To investigate the effectiveness of the proposed method, we compared it with several existing single mode and multi-modal methods. Table 5 shows the accuracy of proposed method and single mode methods. Table 6 shows the accuracy of proposed method and multi-modal methods. The third and fourth columns are the accuracy.

Table 5 Accuracies of single modality methods and the proposed method (where the boldface is the highest accuracy)
Table 6 Accuracies of multi-modality methods and the proposed method (where the boldface is the highest accuracy)

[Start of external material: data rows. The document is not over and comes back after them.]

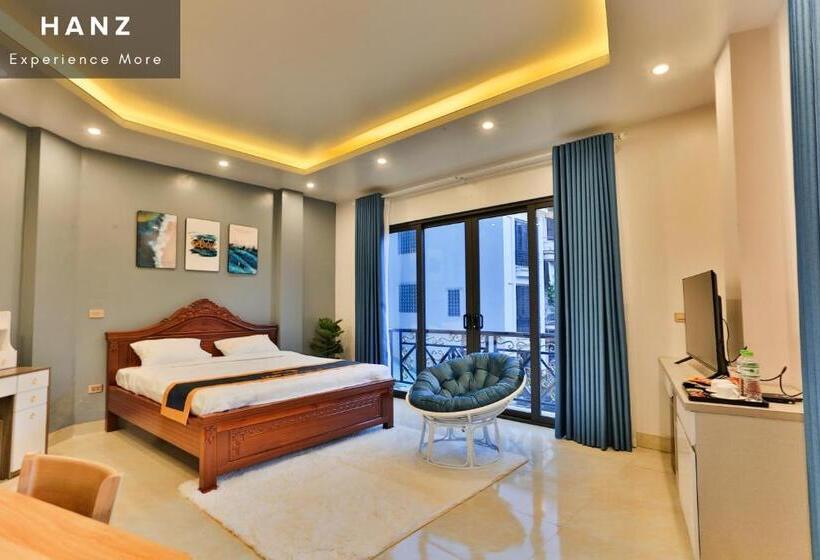 اتاق لوکس با بالکن, Hanz Light House Condo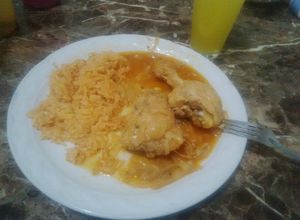 Una foto de Pollo ala cerveza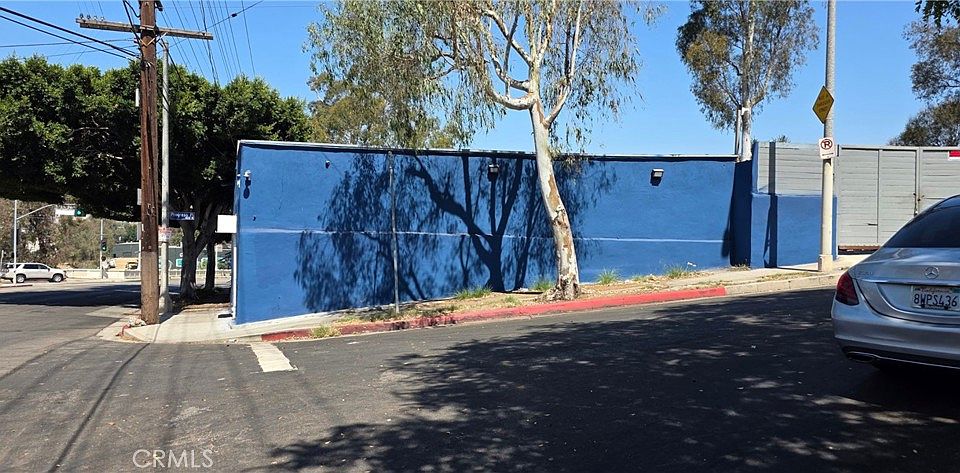1st image of 1203 E Cesar E Chavez Ave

We can find that the accuracy of the proposed method is better than the most of the single mode methods, but it is lower than Tong’s method which need to find the regions manually. So our proposed method has a better performance in single mode automatical methods. But compared with the multi-modal methods, the results obtained by our proposed method are not prominent. Using multi-modal method is useful to AD diagnosis, so in the future, we will use multi-modal images for AD diagnosis by our proposed method.

4 Conclusions

This paper presented an AD diagnosis method via T-Test and multi-feature. The proposed method firstly used SPM software to pre-process MR images, secondly selected interested structures based on T-test, then extracted LBP texture and Gabor wavelet as multi-feature, finally classified images to diagnose AD by CRC. The classification experiments were performed on the 50 AD samples, 55 MCI samples and 50 NC samples. The experimental results were satisfactory in classifying MR images automatically. When we used CRC to classify, we proved the effectiveness of the selected structures. But we only used MR images in our experiments, it is not enough. So we would use multi-modal images to get feature vectors in the future, such as PET, MMES score, genetic and many others.